By Caroline Valetkevitch
NEW YORK (Reuters) - "Government shutdown" and "debt ceiling" will top the list of phrases that investors will track in the coming weeks as they listen to corporate chief executives and try to gauge the impact of Washington gridlock on U.S. company earnings.
Companies began reporting their quarterly results this week amid mounting worries about the partial federal government shutdown that began October 1 and the possibility that the United States could default on its debt. Investors see both as threats to already modest levels of consumer spending and economic growth.
Profit and revenue growth are slowing, too, raising concerns about equity valuations. Stocks are less than 3 percent off their record highs even after drifting lower since the fiscal stalemate between Republicans and President Barack Obama's Democrats began earlier this month.
The benchmark Standard & Poor's 500 Index surged more than 1.5 percent on Thursday after Republicans in the House of Representatives unveiled a plan that would avert a debt default. The Treasury Department says it would be unable to pay all of its bills if Congress does not raise the $16.7 trillion debt ceiling by October 17.
"It's hard to quantify at this point, but there will definitely be a negative impact" on the economy and earnings, said Natalie Trunow, chief investment officer of equities at Calvert Investment Management, which has about $13 billion in assets.
"Some capex might be delayed and some hiring might be delayed until the political situation resolves itself."
Some damage has already been done, and companies operating in the defense and health care sectors have borne the brunt because of their higher exposure to government contracts. A Goldman Sachs note listed companies that derive at least 20 percent of sales from the government, many of them in the defense and health care sectors.
Lockheed Martin Corp, among the biggest weapons systems vendors to the U.S. Department of Defense, has said it would furlough about 2,400 employees who work at government facilities idled by the shutdown. Its stock has dropped as much as 4.3 percent since the shutdown began before paring some losses on Thursday.
United Technologies Corp last week said it would furlough as many as 4,000 employees if the shutdown dragged into a second week. On Monday, however, the Defense Department recalled most civilian employees. United Tech shares have also fallen more than 4 percent during the shutdown before paring losses on Thursday.
Managed-care providers Humana Inc and Health Net Inc have said they face delayed payments on contracts to provide healthcare services to military families.
Even companies not directly affected through contracts are concerned about the budget impasse, including Starbucks Corp. The company's CEO, Howard Schultz, this week urged business leaders to push for an end to the stalemate.

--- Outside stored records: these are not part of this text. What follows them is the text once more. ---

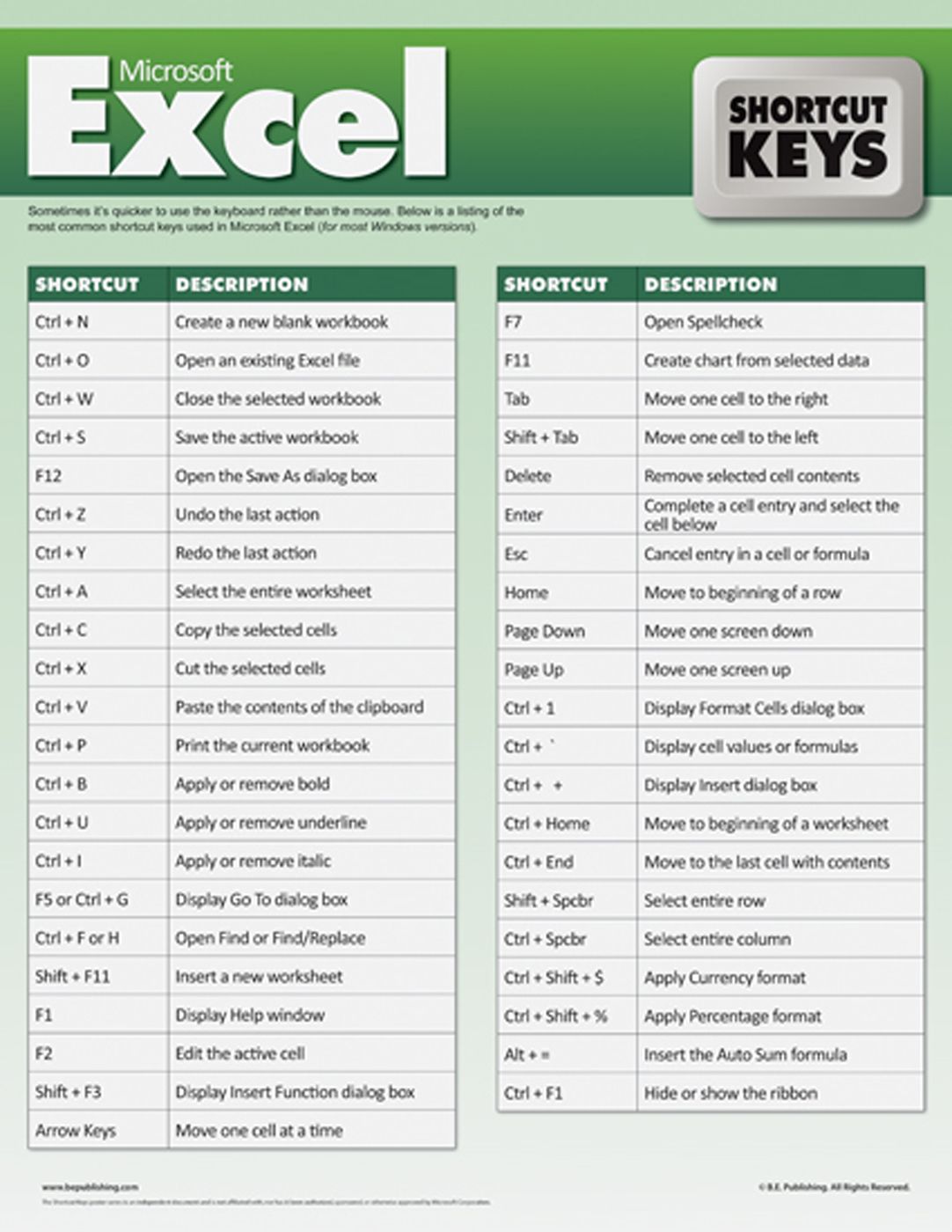 Excel shortcut key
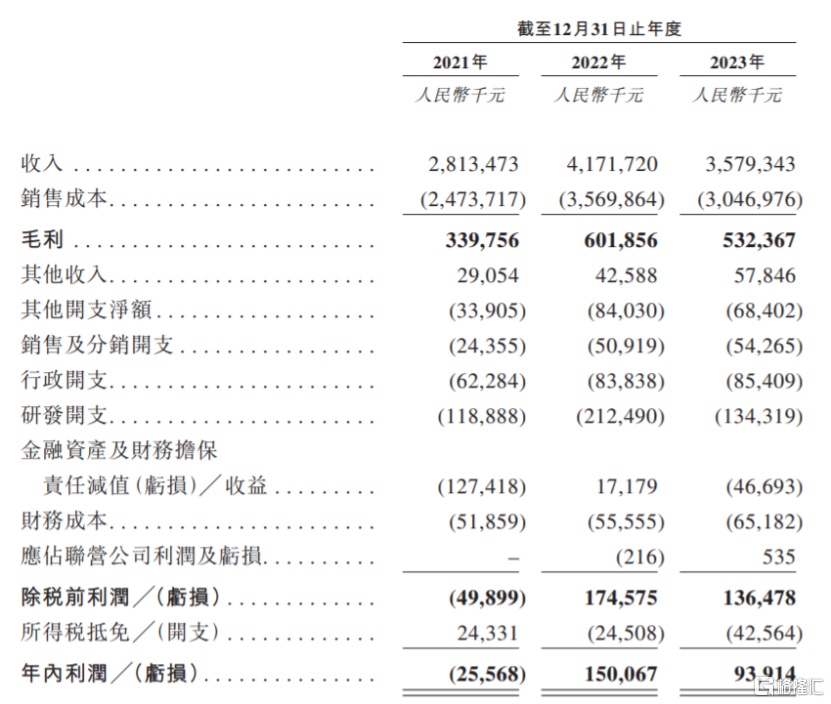 正信光电闯关港交所，2022年扭亏，面临光伏行业产能过剩风险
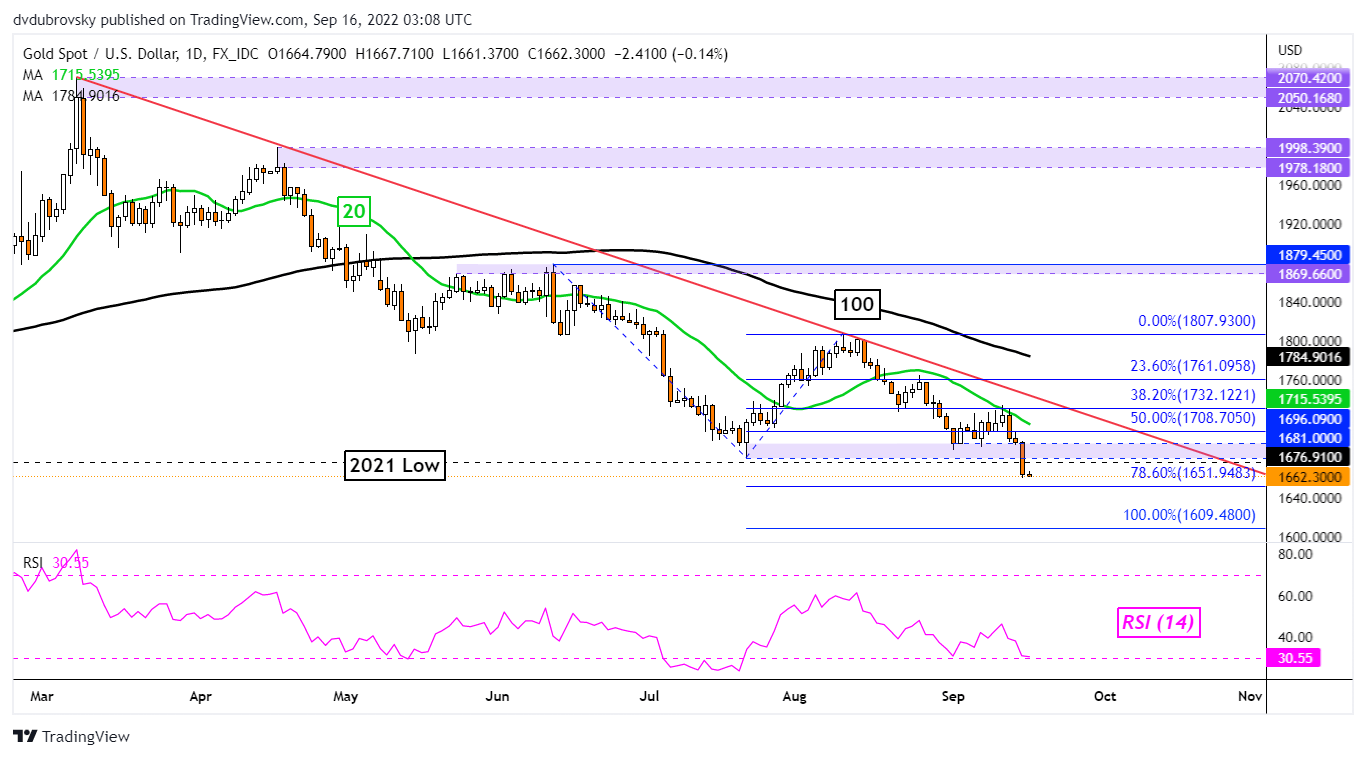 Gold Daily Chart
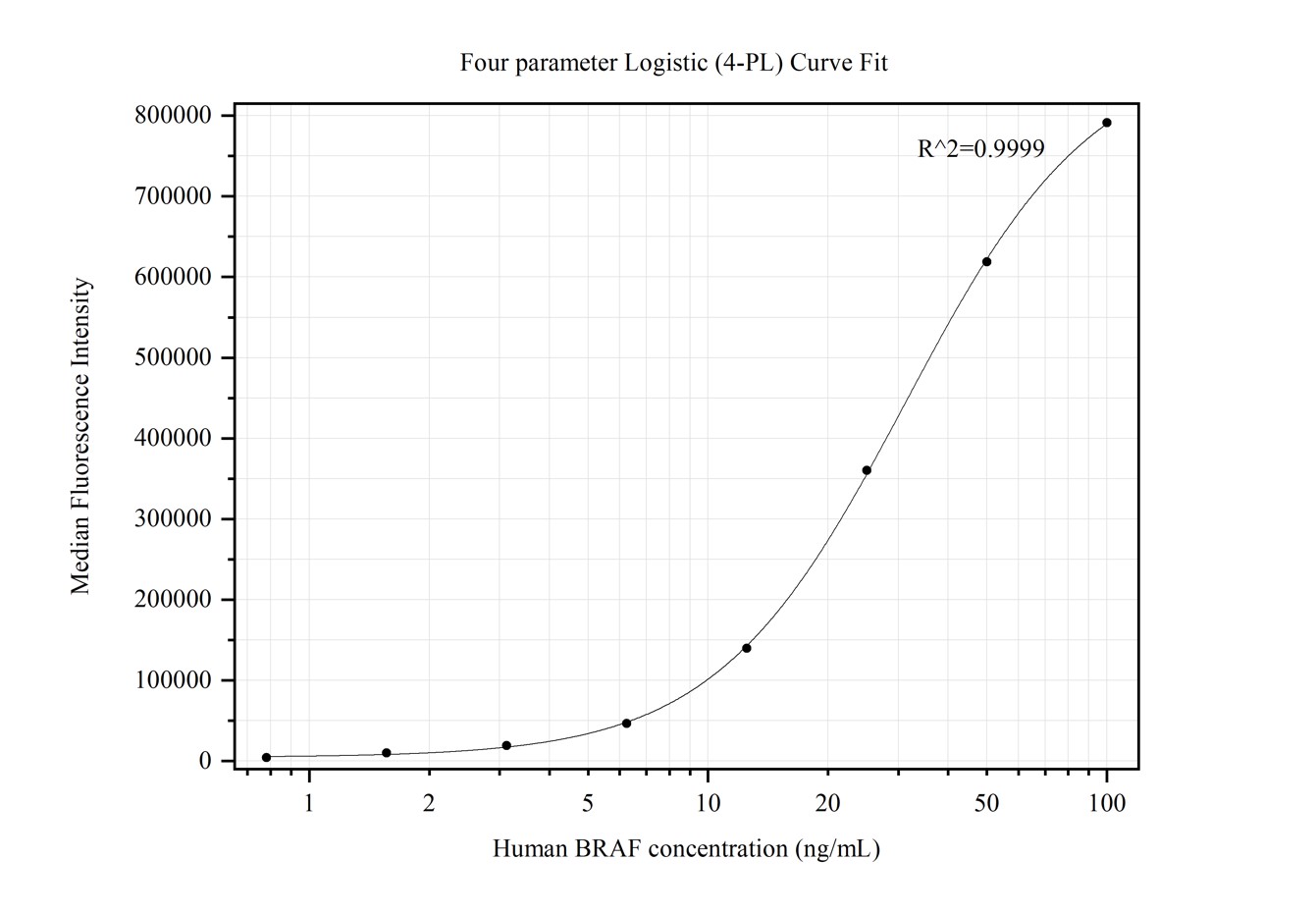 Cytometric bead array standard curve of MP50272-1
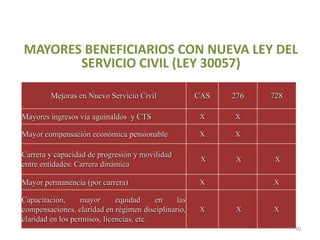 MAYORES BENEFICIARIOS CON NUEVA LEY DEL
SERVICIO CIVIL (LEY 30057)
Mejoras en Nuevo Servicio Civil CAS 276 728
Mayores ingresos vía aguinaldos y CTS X X
Mayor compensación económica pensionable X X
Carrera y capacidad de progresión y movilidad
entre entidades: Carrera dinámica
X X X
Mayor permanencia (por carrera) X X
Capacitación, mayor equidad en las
compensaciones, claridad en régimen disciplinario,
claridad en los permisos, licencias, etc.
X X X
10
 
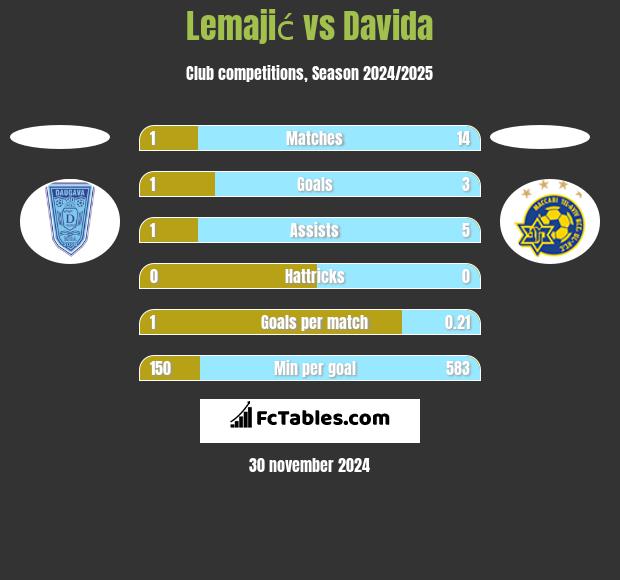 Lemajić vs Davida h2h player stats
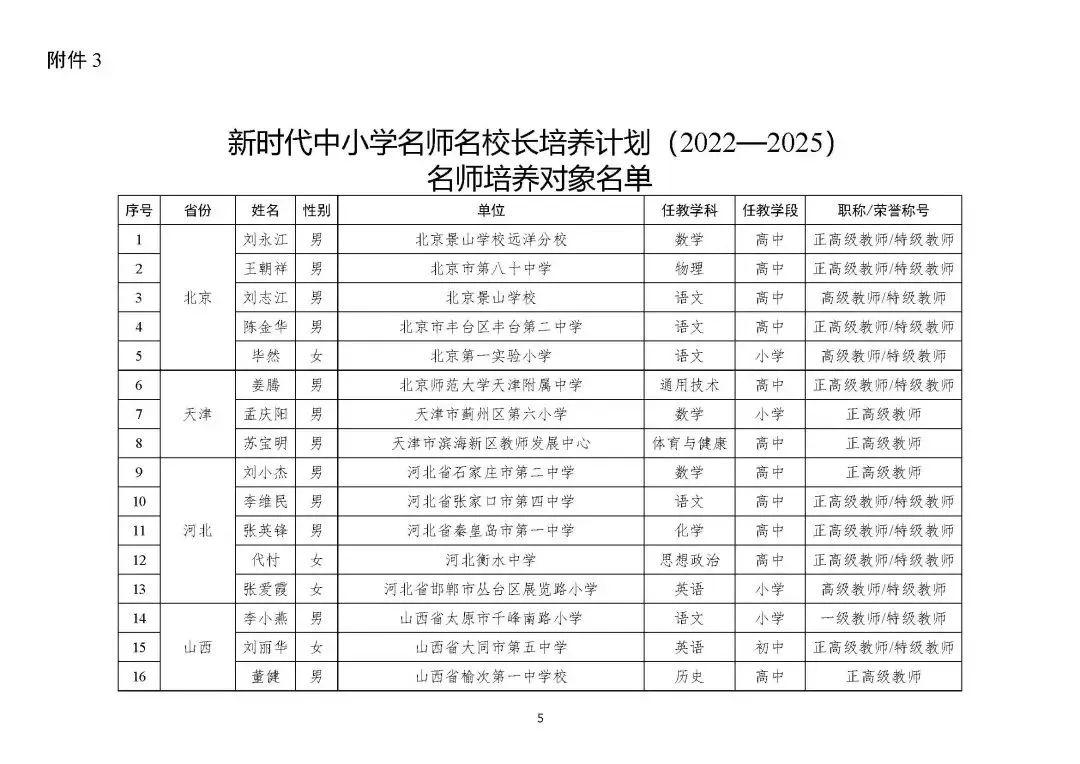 2025年最新教師招聘啟事發(fā)布，教育人才招募正式啟動(dòng)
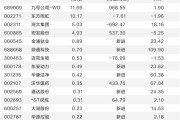 MSCI纳A指数样本调整将生效 外资机构发声看好A股市场配置价值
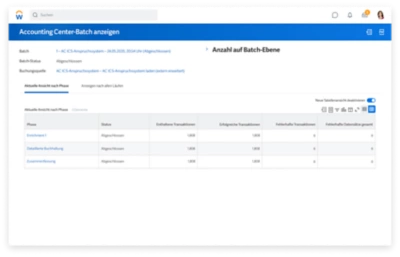 Dashboard mit Batch-Prozess ?Aktuelle Ansicht nach Phase in ݮƵ Accounting Center
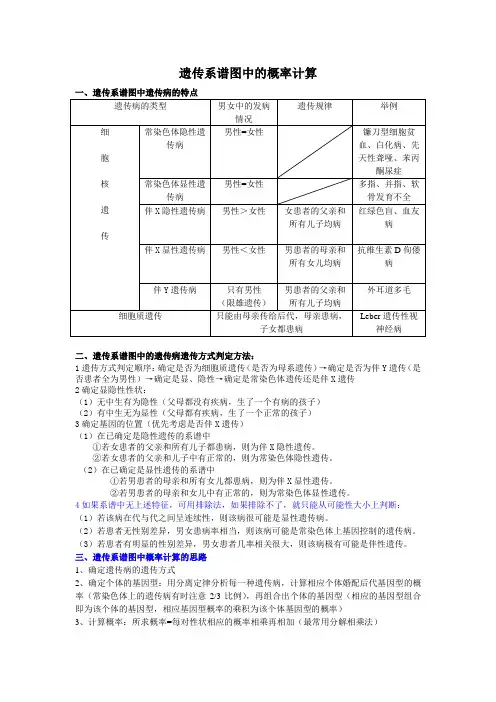 遗传系谱图中的概率计算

A top concern of investors is that companies will announce reductions in profit estimates for the fourth quarter, and that cautious forecasts by companies will further dampen the rally in stocks this year.
The S&P 500 had lost 1.5 percent since the shutdown began, although Thursday's surge on signs of a possible compromise effectively erased all of that loss. The index remains up 18.1 percent since the start of the year.
"Earnings uncertainty is a reason to be cautious in the near term," said Leo Grohowski, chief investment officer at BNY Mellon Wealth Management in New York. "We're going to be watching very closely the companies that come out with guidance."
So far, there has been a minimal impact on earnings expectations. Fourth-quarter S&P 500 profits are seen rising 10.8 percent from a year earlier, compared with an October 1 forecast for 10.9 percent growth, Thomson Reuters data showed.
By comparison, companies are expected to post third-quarter earnings gain of just 4.2 percent.
Still, many investors consider those fourth-quarter estimates, and for estimates for 2014, to be overly optimistic given U.S. economic growth hasn't picked up. The Federal Reserve in September cut its forecast for 2013 economic growth to a 2.0 percent to 2.3 percent range, and lowered its forecast for 2014.
Profit growth has averaged 4.1 percent over the past four quarters, while revenue growth has averaged just 1.3 percent.
Earnings for 2014 are expected to rise 11.4 percent, above the 5.8 percent expected for 2013, Thomson Reuters data showed.
Investors have closely watched changes in those numbers as valuations have risen. The current forward 12-month price-to-earnings ratio at 13.9, still considered a bit low historically, is above the 13.1 at the beginning of 2013.
"Until we start seeing a pickup in GDP growth, we don't think revenue targets will be met, even if those targets are reduced," said Michael Mullaney, chief investment officer at Fiduciary Trust Co in Boston.
A shutdown that lasts for two weeks could subtract a half of a percentage point from fourth-quarter gross domestic product growth, according to a note from Bank of America Merrill Lynch analysts, who estimate that lost government sales would equate to 0.2 percent of total annual sales.
While that is not a huge amount, the uncertainty generated by the shutdown could also sap consumer confidence.
"If it starts to detract from overall consumer confidence, then you could see it impacting overall consumption," said Dan Suzuki, equity strategist at Bank of America Merrill Lynch in New York.
"It's a risk for the more consumer-driven areas of the market, an area that we're already somewhat cautious on."